I have been on a huge Butter Chicken kick the past few weeks, literally eating it up to 3 times a week. It is the ultimate comfort meal, saucey, tender chicken made with delicious spices and vegetables. Butter chicken, also known as “Murgh Makhani,” is a popular Indian dish that originated in Delhi, India. It is made with marinated chicken cooked in a mildly spiced tomato-based sauce enriched with butter and cream. It is one of India’s most popular dishes.

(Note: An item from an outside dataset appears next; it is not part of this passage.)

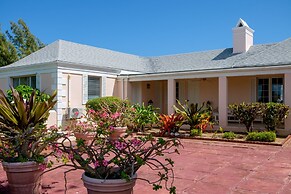 Palm Hill House 4 Bedroom Home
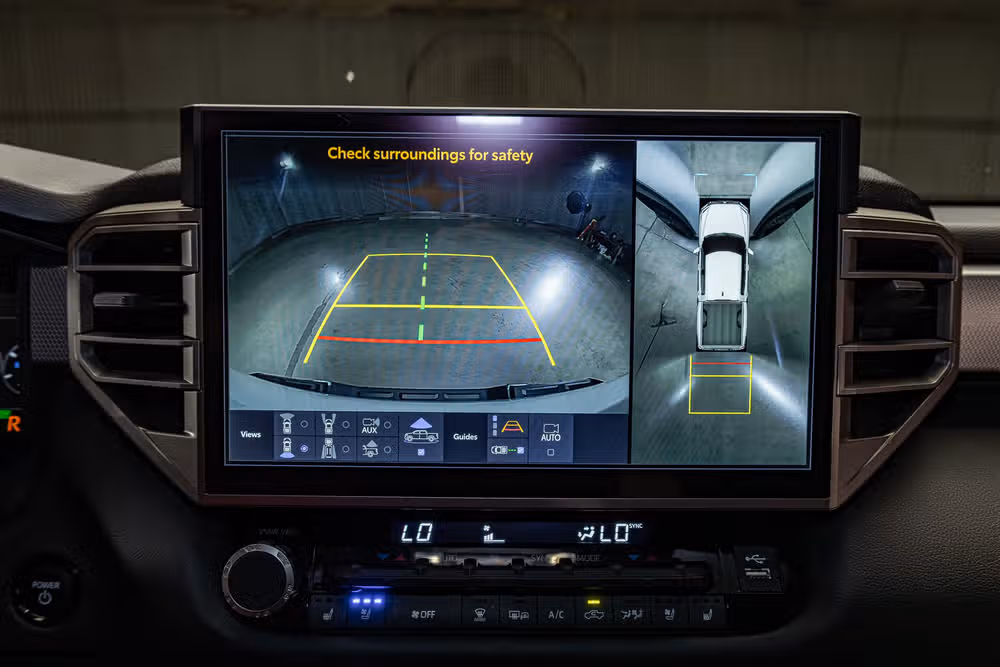 2026 Toyota Tundra Limited HV CrewMax Image 18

I have been making my version of it for years that is dairy free for clients who can’t eat dairy, but still want delicious butter chicken! You literally wouldn’t know it is dairy free, it tastes like the real thing!

Key Ingredients and Substitutions:

  • Chicken Thighs – I like using thighs in stews because it stays moist. You can also use chicken breast here if you like, just cook for less time.
  • Coconut Yogurt – Pick a thick and tangy coconut yogurt to marinate the chicken. You can also use traditional greek yogurt.
  • Coconut Milk – This is used as the main liquid in this dish in place of heavy cream. Make sure you use full fat coconut milk to achieve the richness of Butter Chicken. You can substitute with heavy cream if you like.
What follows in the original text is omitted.